Today I’ll take a break from that format and write about something that really matters.
I was about to start this log by writing that today was a day of giggling, which it was. John and I had a splendid time today with lots of stacking blocks, balancing toys on mommy’s head, and playing chase around that house. He got more than his fair share of bloopers (this is our family name for blowing on someone’s skin) and we just generally had a good time. It was a day of giggles.
Now that John is asleep, though, it is a day of tears. My grandmother, whom I called “Gram”, died about three weeks ago. At the time, I was in California. I was able to see her the day before she died, but she couldn’t see me. Today was her memorial service.
I think few people are blessed with such close relationships with a grandmother as I had with Gram. My family lived with them for a few months (when I was three) until my parents were able to find a house about 1.5 miles away to move to. She taught my sister and me how to bake from an early age, including us in all the holiday baking rituals and building up recipe boxes of family recipes for each of us. We often stopped by during weekday evenings for ice cream. During the summer, there was always my favorite kind of iced tea in the fridge (mostly Lipton’s Black but with a token raspberry tea bag). She volunteered with a charity league that ran a costume rental and brought home rejected costumes. Her house was a dress-up playing paradise!
She was the bookkeeper for the family furniture business, which employed about thirty people when I was in high school, and in ninth grade I began working for her every Saturday as her assistant. At the beginning, she always drove me, but after I got my permit, she let me practice driving if the weather was good. She often told people that I was the reason she was able to retire.
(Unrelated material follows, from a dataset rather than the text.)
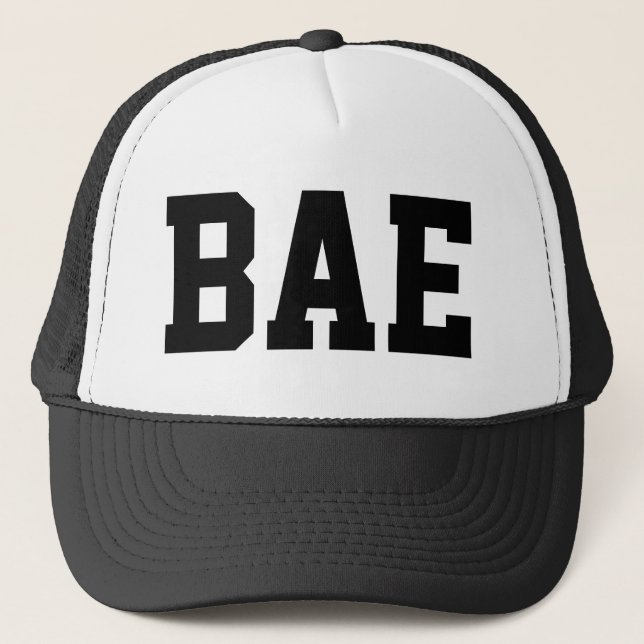 Boné Chapéu do camionista de BAE (Frente)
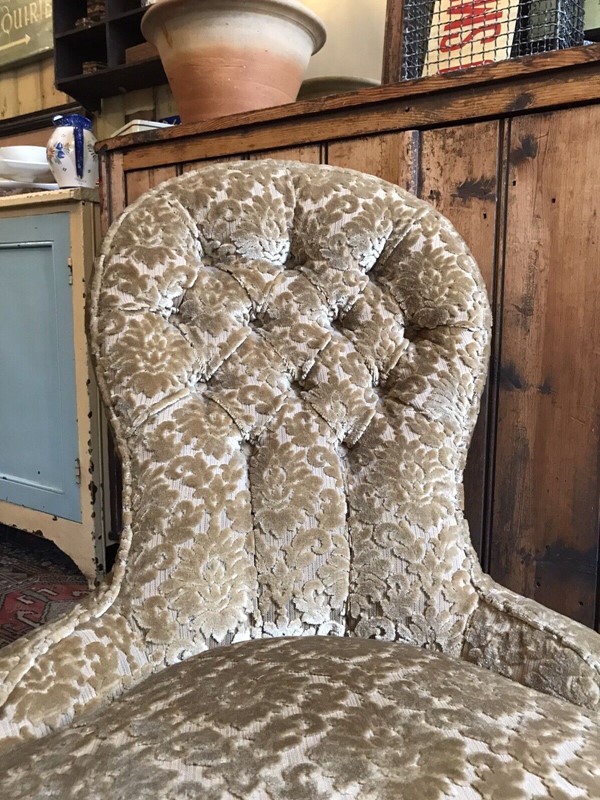 19th Century Button Back Slipper Chair -nothing-new-antique-victorian-19th-century-button-back-slipper-chair-bedroom-nursing---nothingnewstafford-7-main-638094842480859295.jpg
Dan lived with my grandparents for one summer while we were dating. We spent many Sunday afternoons that summer enjoying my grandfather’s soups and open-faced sandwiches for lunch. My parents also entertained at their house nearly every Tuesday evening that summer, weaving my grandparents into many of their friendships.
There are so many more things I did with her that were special, like holiday outings, or special because they were so normal to me, like coring apples to dry, but I'll reflect on those on my own.
Although there are many things I admire about Gram (and my grandfather), I think their ability to make and retain friends is remarkable. Gram was a founding member in a bridge club that still meets today, 55 years later, and a supper club of the same age.
Gram’s grandmother never took off her wedding ring. Gram followed her tradition, getting a plain white gold band that she never took off. I too have a white gold wedding band, for the same reason.